À propos de : W. Stoczkowski, Anthropologies rédemptrices, Hermann éditeurs.


Comment expliquer que Lévi-Strauss ait soutenu, à quelques années d’intervalle, des conceptions opposées du racisme ? Pour Wiktor Stoczkowski ce changement s’éclaire à la lumière des grandes cosmologies sur lesquelles repose la théorie scientifique de l’anthropologue.

Recensé : Wiktor Stoczkowski : Anthropologies rédemptrices. Le monde selon Lévi-Strauss, Paris, Hermann éditeurs, 2008, 343 pages, 32 euros.

Entreprendre une description complète du monde est inconcevable, puisque des milliers de nos existences n’y suffiraient pas et qu’entretemps il n’aurait cessé de se transformer... Néanmoins, pour y vivre et y agir, et à l’instar de ce qu’ont fait et continuent de faire toutes les cultures, nous avons besoin de nous en construire une idée ou une image globale. Sans doute s’agit-il là du système d’orientation le plus archaïque et le plus nécessaire. Ces cosmologies peuvent emprunter à la réalité tel et tel de ses éléments, le plus souvent pour la déformer, elles ne lui sont jamais asservies. Or ce trait architectonique caractérise de la même manière un grand nombre de théories au sein des sciences humaines, a fortiori celles qui prétendent de leur promontoire fournir une explication intégrale de l’homme, du monde, de l’histoire (marxisme, freudisme, structuralisme etc.).

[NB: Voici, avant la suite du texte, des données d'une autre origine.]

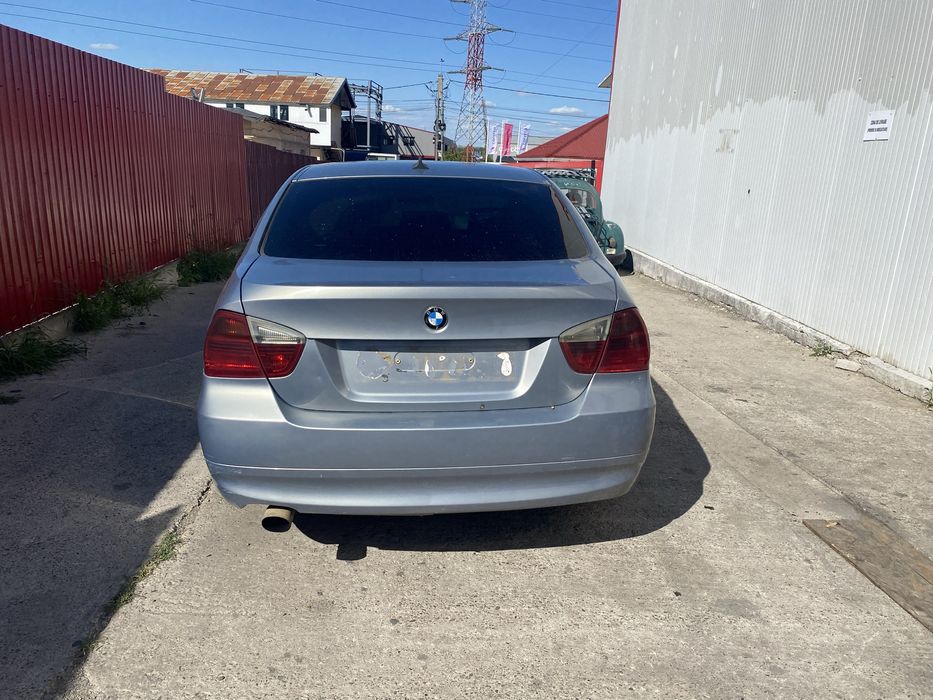 Dezmembez BMW E90 2.0 benzina N46B20B
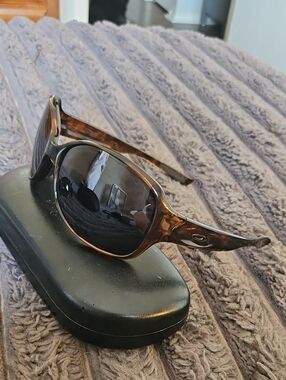 OAKLEY DRIZZLE !! WOMENS DESIGNER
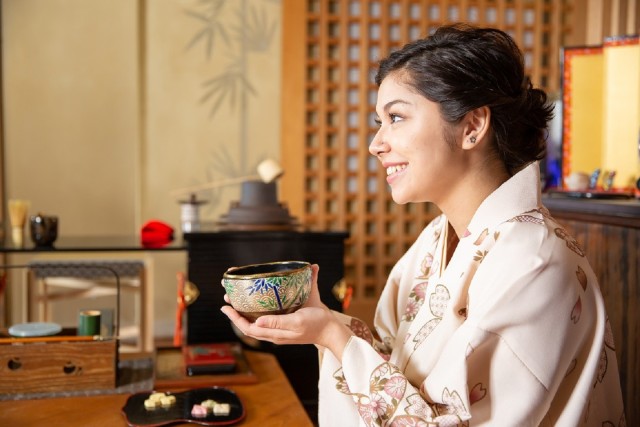 Visit Tea Ceremony experience with simple kimono in Okinawa in Nakijin, Okinawa
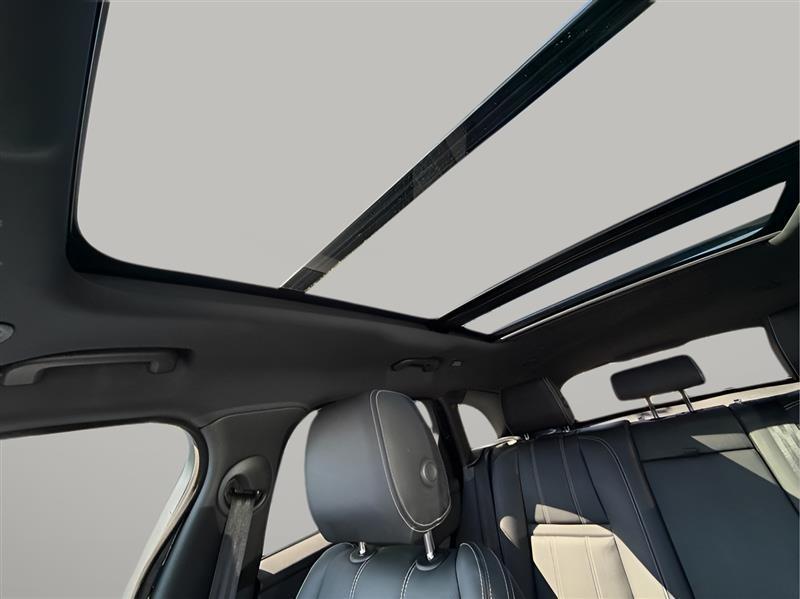 Land Rover Range Rover Velar R-Dynamic S 2023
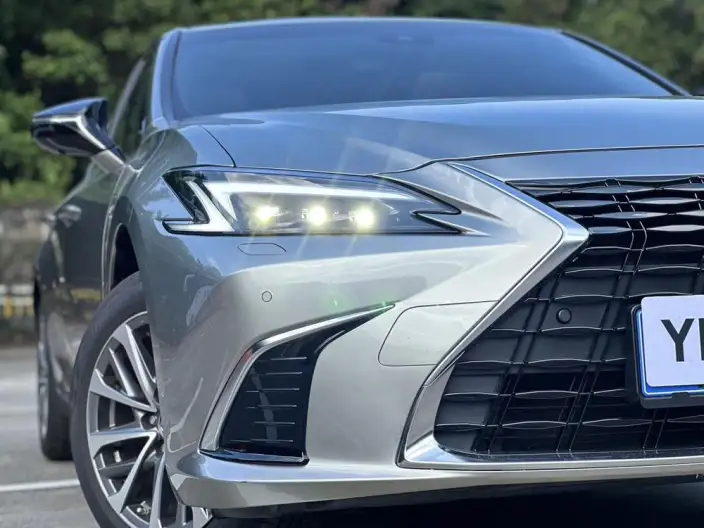Lexus ES 2025 Model 200 Premium – фото 10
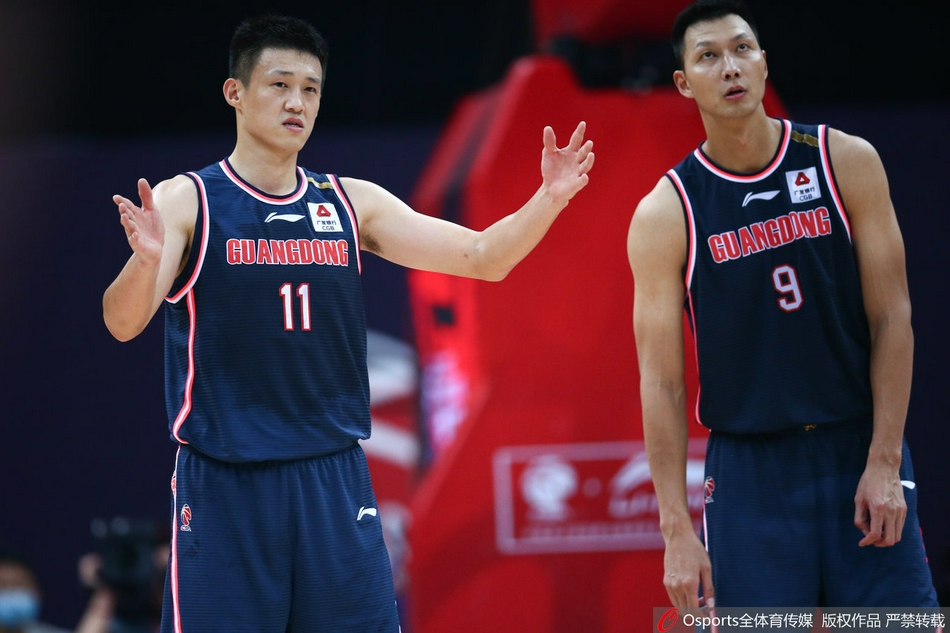 浙江队当家球星吴前在三分线外从容起跳，皮球划出一道彩虹般的美妙弧线，直钻网心，瞬间点燃了整个诸暨赛区的激情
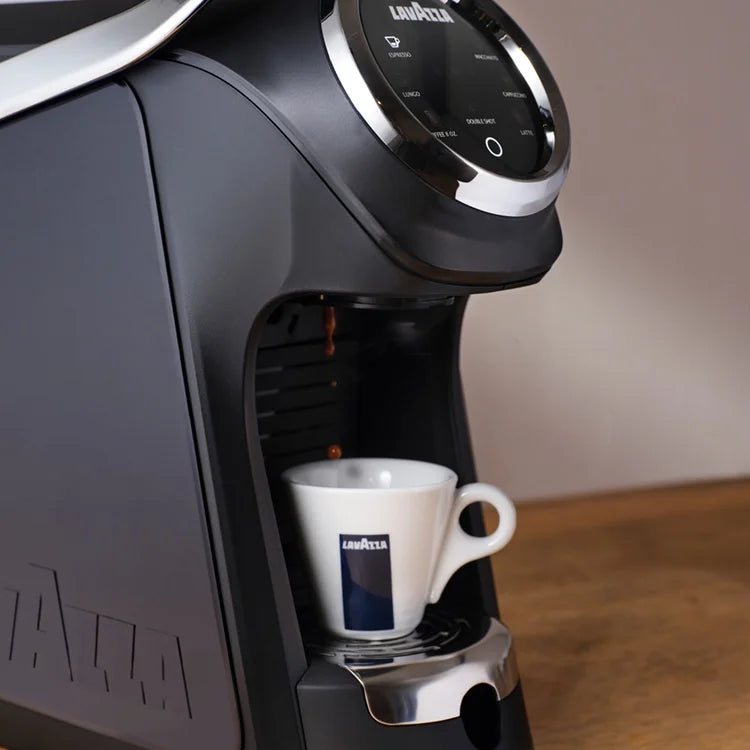 Machine à expresso et à café Lavazza Classy Plus, compatibilité des capsules Expert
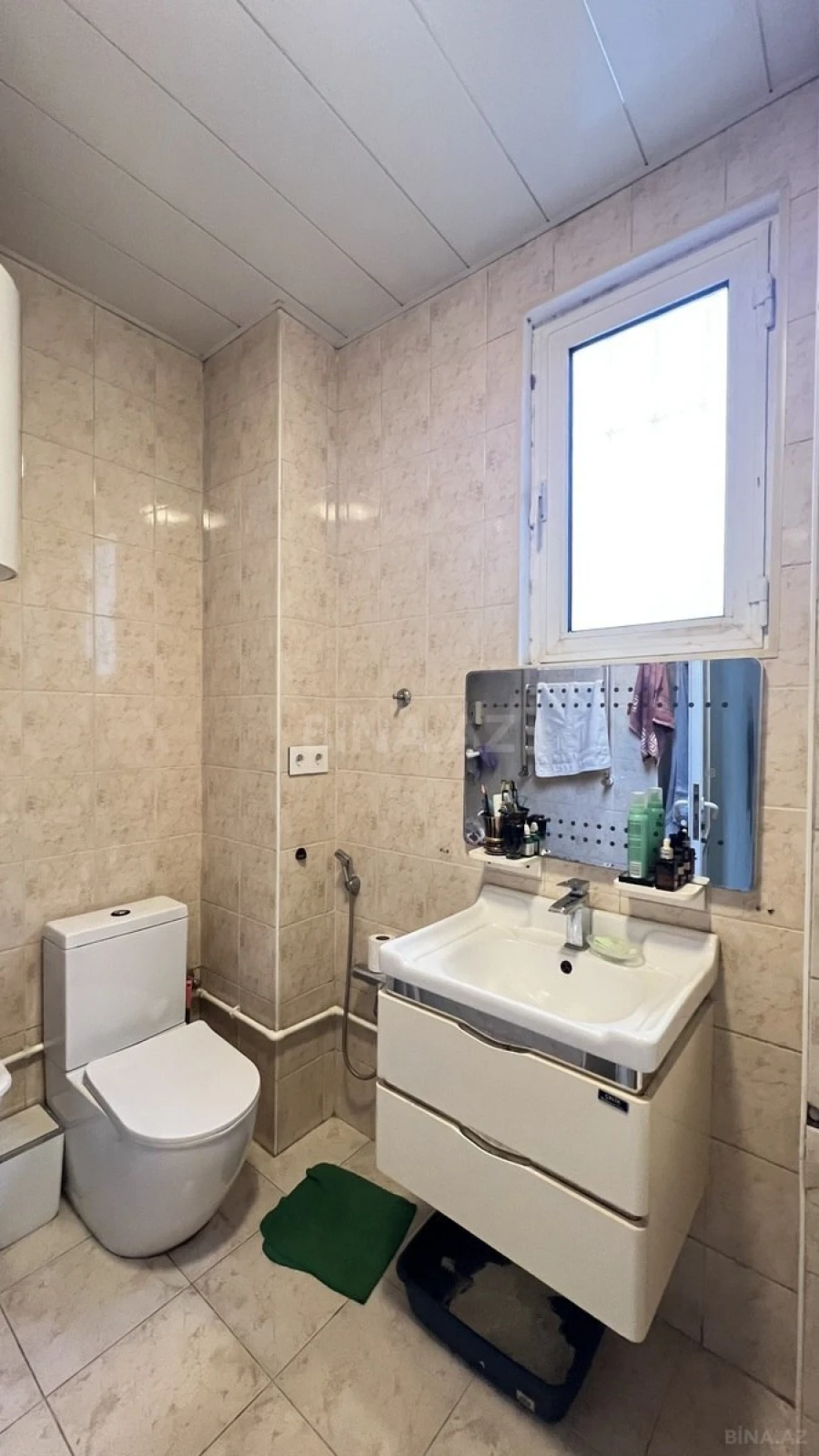 Satılır 5 otaqlı mənzil 190 m²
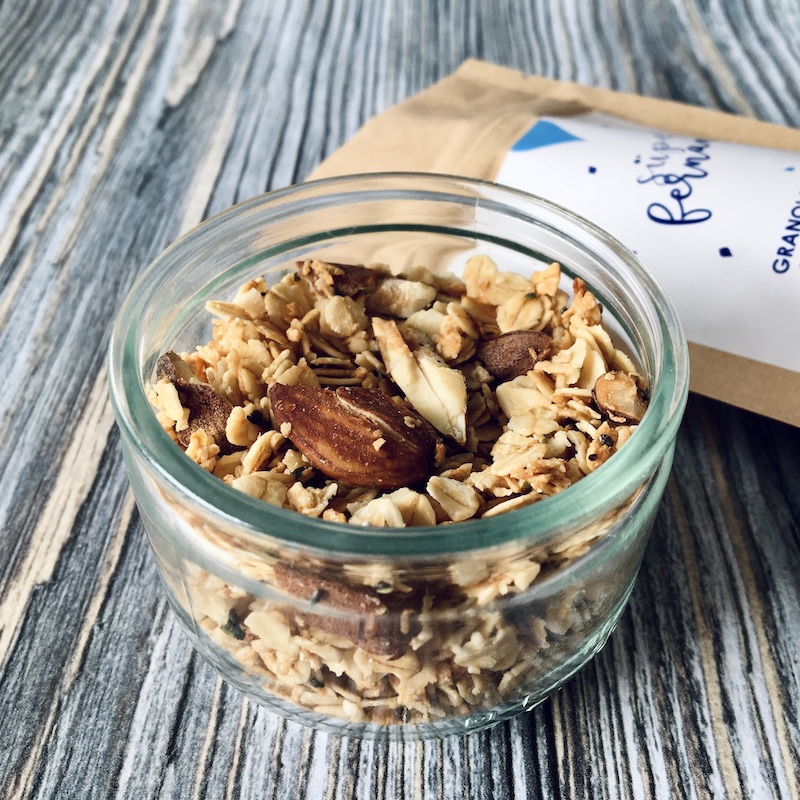 zoom sur le granola coco/amande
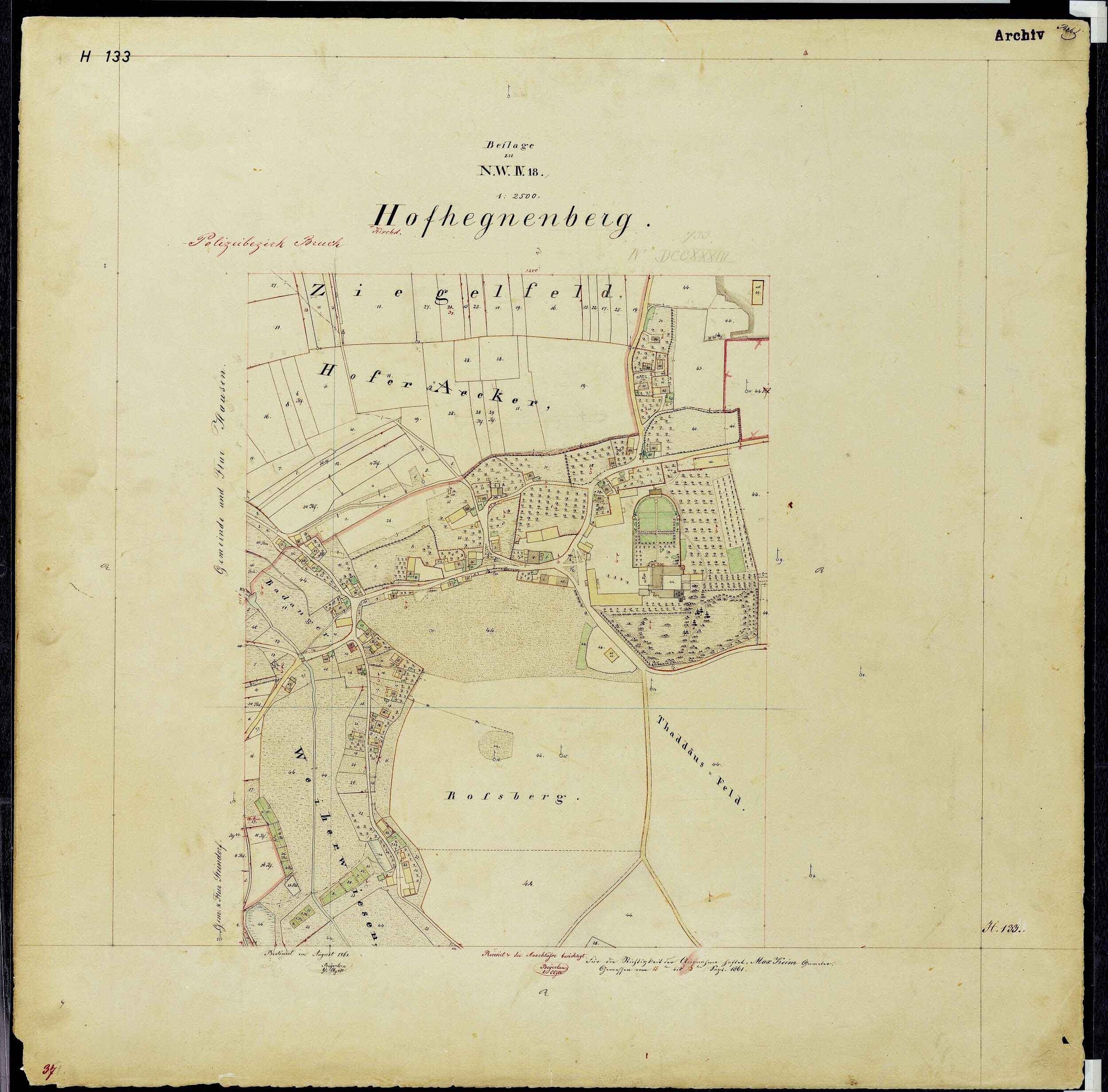 Schwarze und weiße Karte von Hofhegenberg, Deutschland, mit schwarzem Rand, die Straßen, Gebäude und Sehenswürdigkeiten zeigt.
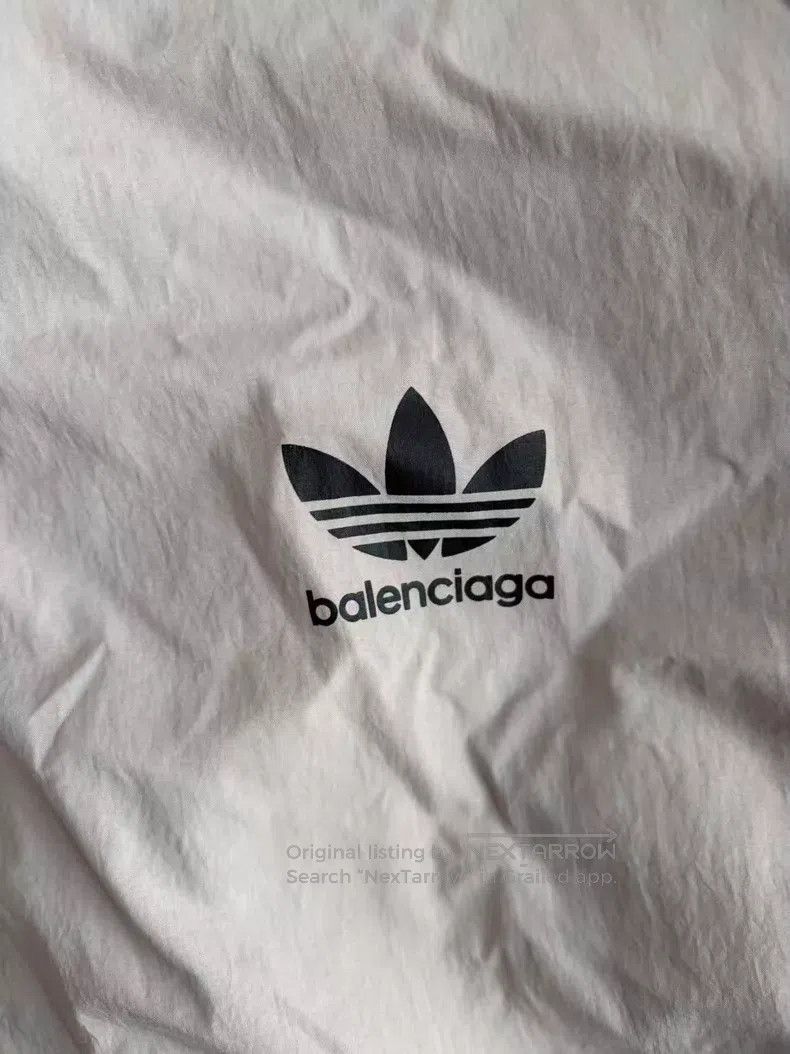 Balenciaga Balenciaga Logo Printed Hooded Zip Long Sleeve Jacket Size US S / EU 44-46 / 1 - 4 Thumbnail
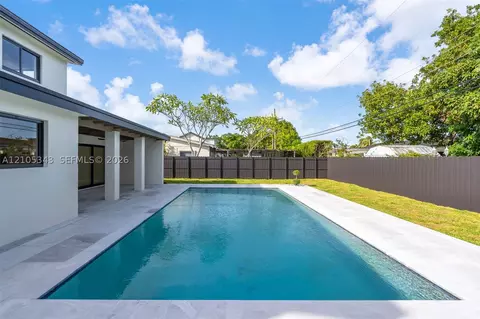 Exterior - 1735 SW 97th Pl, Miami, FL 33165 photo 5 of 6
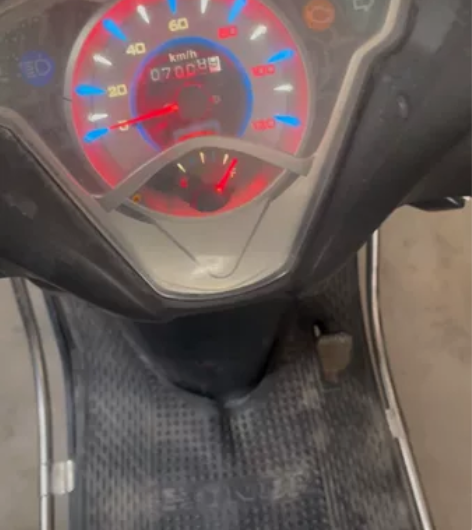 出台鹰牌125发动机，证件齐全正规车，实表...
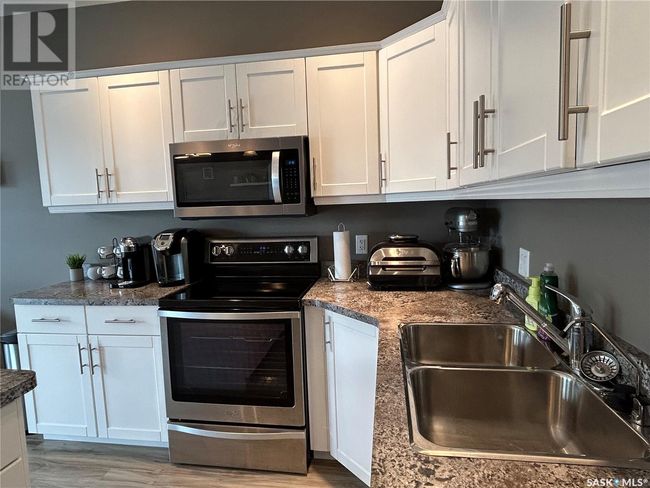 6 - 697 Sun Valley Dr, Townhouse with 4 bedrooms, 4 bathrooms and null parking in Estevan SK | Image 9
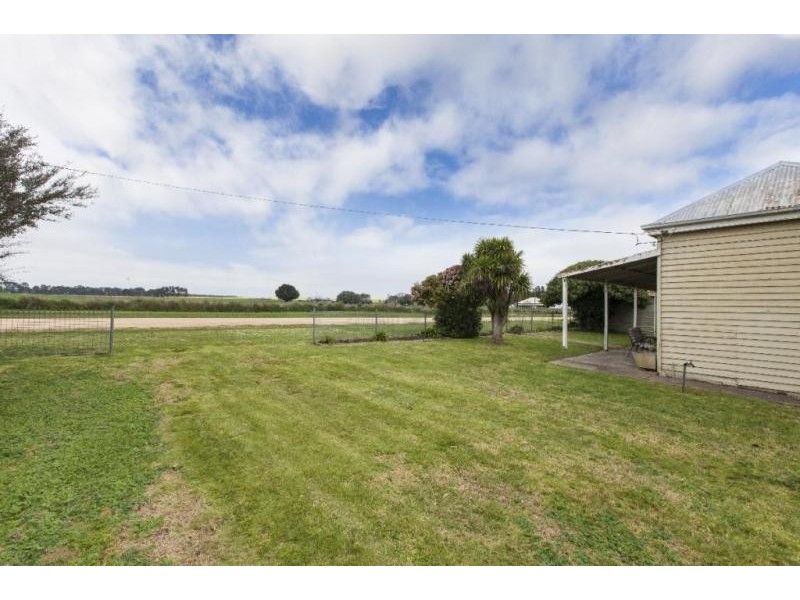 36 Leach Road, Lake Bolac VIC 3351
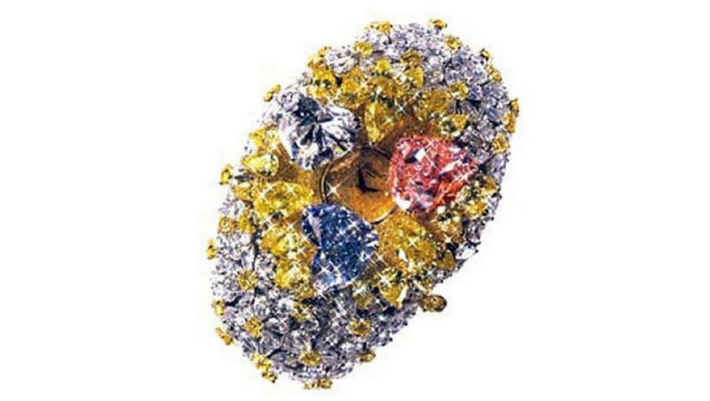Chiếc đồng hồ Chopard 201 Carat có giá 20 triệu euro (507,6 tỷ đồng) không phải là đồng hồ bình thường. Nó được trang trí với 874 viên kim cương với màu sắc độc đáo.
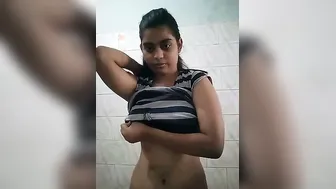 Indian College Babe Bathing Naked Caught On Hidden Camera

Cette thèse très générale sert à la fois de point de départ et de cadre explicatif à une nouvelle et passionnante enquête de W. Stoczkowski, enquête qui vient après celle qu’il a consacrée il y a quinze ans à la recherche des vieux préjugés culturels occidentaux qui ont nourri et même fondé les thèses savantes de la paléoanthropologie moderne [1]. W. Stoczkowski transpose donc dans le domaine de l’étude de la culture savante un principe bien connu de toute étude anthropologique. Ce rapprochement est, selon lui, possible, puisque les deux types de culture reposent de la même manière et en dernière instance sur une « conception cosmologique » (p. 18). Ces conceptions se ressemblent aussi dans la mesure où elles ne sont jamais créées ex nihilo, puisqu’elles résultent d’une histoire souvent complexe où s’entremêlent des courants parfois nombreux. Il n’est pas rare d’ailleurs que l’on retrouve encore aujourd’hui dans la culture savante des schèmes de pensée ou des notions venus de Platon, de Lucrèce, des stoïciens, des premières théories chrétiennes ou des penseurs gnostiques, pour ne citer que des systèmes nés au cours de l’Antiquité. Et, sous leur forme achevée, ces conceptions, ajoute W. Stoczkowski, présentent toujours une organisation identique fondée sur la présence d’une ontologie, d’une étiologie, d’une axiologie et d’une sotériologie. La première dit ce qu’est foncièrement le monde ou la condition humaine ; la seconde complète la précédente en définissant la nature et l’origine des maux, accidentels ou irréversibles, qui les accablent ; la troisième, au nom de son propre système de valeurs, permet de porter un jugement sur ces maux et sur la nécessité d’en débarrasser le monde ; quant à la dernière elle dessine, en particulier quand ces maux ne sont qu’accidentels, l’avenir qui attend l’humanité lorsqu’elle sera parvenue à les supprimer. On notera évidemment la grande parenté de ce modèle heuristique général avec celui que présentent la cosmologie et l’anthropologie chrétiennes. Ce dernier modèle a sans aucun doute influencé la plupart des cosmologies occidentales ultérieures, scientifiques ou non, religieuses ou non, à commencer par celle qu’a imaginée Marx. D’où, d’ailleurs, la possibilité de passer de l’une à l’autre assez facilement, mais non de les habiter simultanément.

Deux visions du racisme

Dans ce nouvel ouvrage, l’enquête incroyablement précise, méthodique et fouillée menée par W. Stoczkowski invite donc à regarder un pan de l’œuvre scientifique de C. Lévi-Strauss à la manière dont les ethnologues regardent habituellement les cultures lointaines. Il s’intéresse en particulier à deux textes : Race et histoire, publié en 1952, et Race et culture qui date de 1971. Deux textes célèbres donc, mais qui ne concernent ni le structuralisme ni les systèmes de parenté.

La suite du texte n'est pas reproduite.